Dance music can only suspend your belief for so long these days. COVID has lapped us, and what used to be baked-in elements of our musical experience aren’t around anymore—the sparks of connection that fly at a club set, the momentum that builds during a live show. We need to grieve those serendipitous nights out, the ones that felt as if they simply sprung from a passing lusty synth line like Roosevelt’s 2015 song “Night Moves,” and we haven’t had the chance. But it’s 2021, and on Roosevelt’s latest album Polydans, Marius Lauber is still offering the illusion of open space and carefree thoughts.

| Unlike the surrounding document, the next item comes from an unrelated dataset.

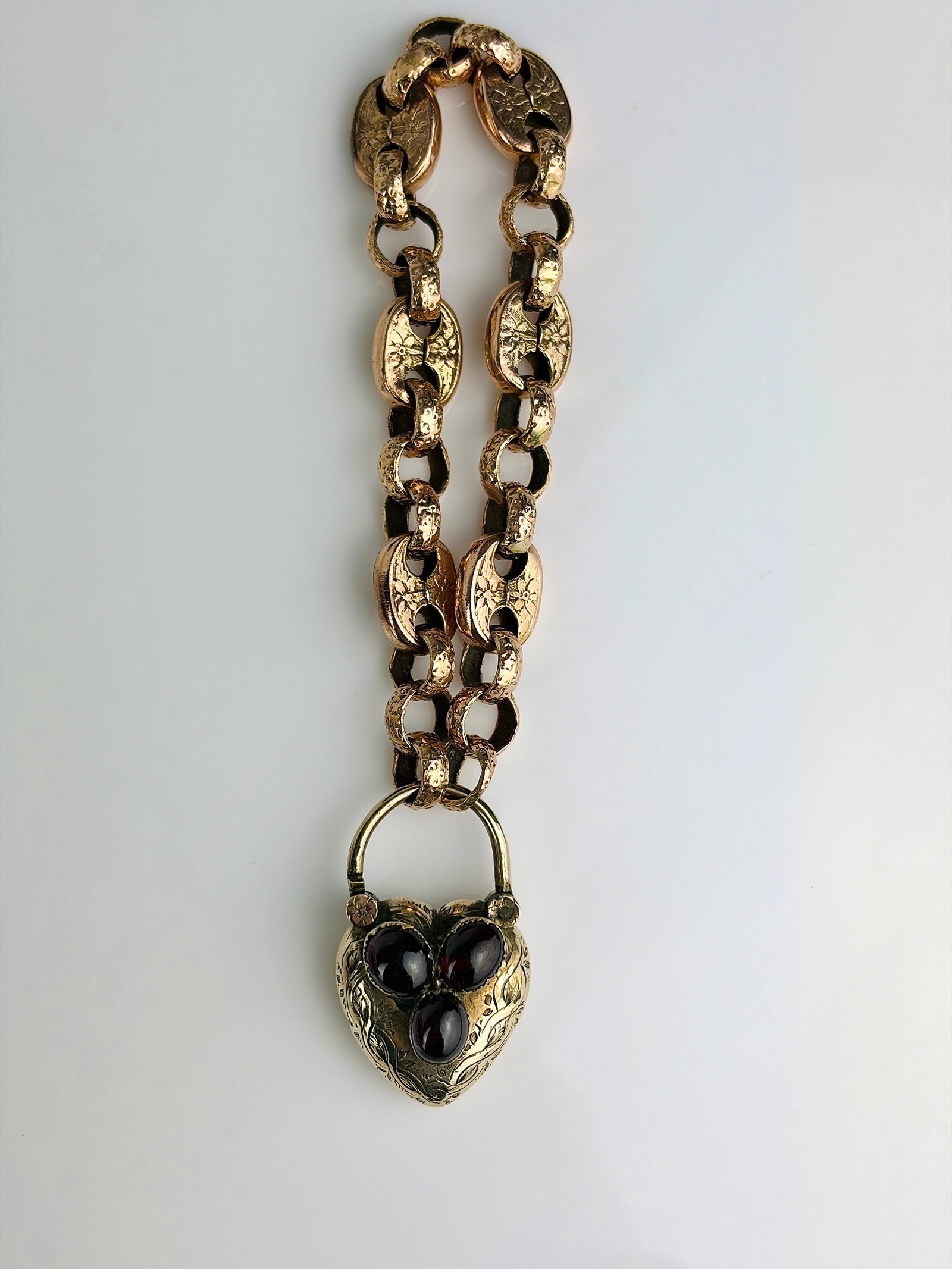 Antique cabochon garnet chunky gold locket back padlock bracelet - 5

Lauber started out as a DJ in Cologne at 19, jumping from band to band until he started making music as Roosevelt. Where some electronic pop acts might swaddle a song in gauze, Lauber’s music evokes an earnest sweetness, forming crisp melodies around his smooth vocals. The snappy, cooled-off attitude of songs like 2013’s “Elliot” landed him on international festival stages, a lifestyle that manifested on 2019’s glossy Young Romance.
Polydans floats between glorifying the past and dreaming of a future that might not come. On “Feels Right,” Lauber sings of running into the dusk, pretending “it ain’t that hard to carry on.” The bouncing hook on “Forget” is sweet enough to dream along with your headphones. It’s almost hard to believe an album this syrupy came from within the same four walls of isolation as the rest of us. The mysterious depth that shadowed Roosevelt’s earlier work feels sugarcoated.
What to do with the deep-fried Myspace-era nostalgia and “world keeps turning” platitudes of a song like “Lovers”? It’s hard to remember a time where this would’ve hit the spot. Roosevelt’s flavor of dance-pop is meant to be played under bright festival lights, and a wide, empty transition track like “Montjuic” would be perfect for the encore—but on record, it’s just not the same.
Polydans closes with a hint of the moody, steamy dance music Roosevelt was born to make. The wistful groove of “Sign” reveals a glimmer of the grief and loss beneath the saccharine sheen: “Come back and give me a sign of your love.” Still, it’s not enough to contain your skepticism after the music stops.